## GIVEN DATA
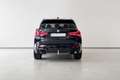 BMW X3 xDrive30i Business Edition Plus High Executive Aut Zwart - thumbnail 8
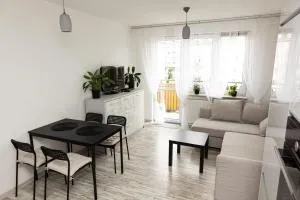Apartament Symfonia - Jedlińsk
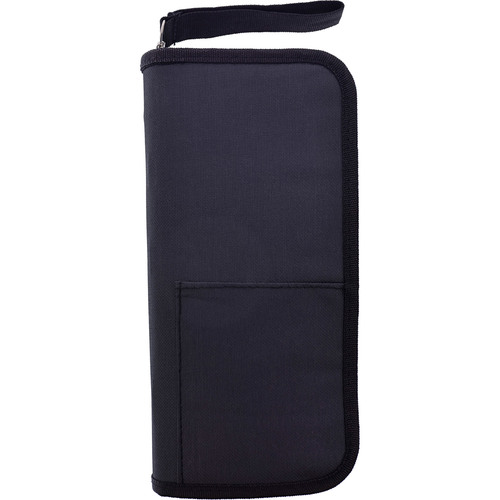 InLine® Solar Photovoltaik Werkzeugset, Tasche, 6mm²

## INSTRUCTIONS FOR THE TASK
Reproduce the listing exactly. Do not include its images.

## YOUR SOLUTION
 BMW X3 xDrive30i Business Edition Plus High Executive Aut Zwart - thumbnail 8
Apartament Symfonia - Jedlińsk
 InLine® Solar Photovoltaik Werkzeugset, Tasche, 6mm²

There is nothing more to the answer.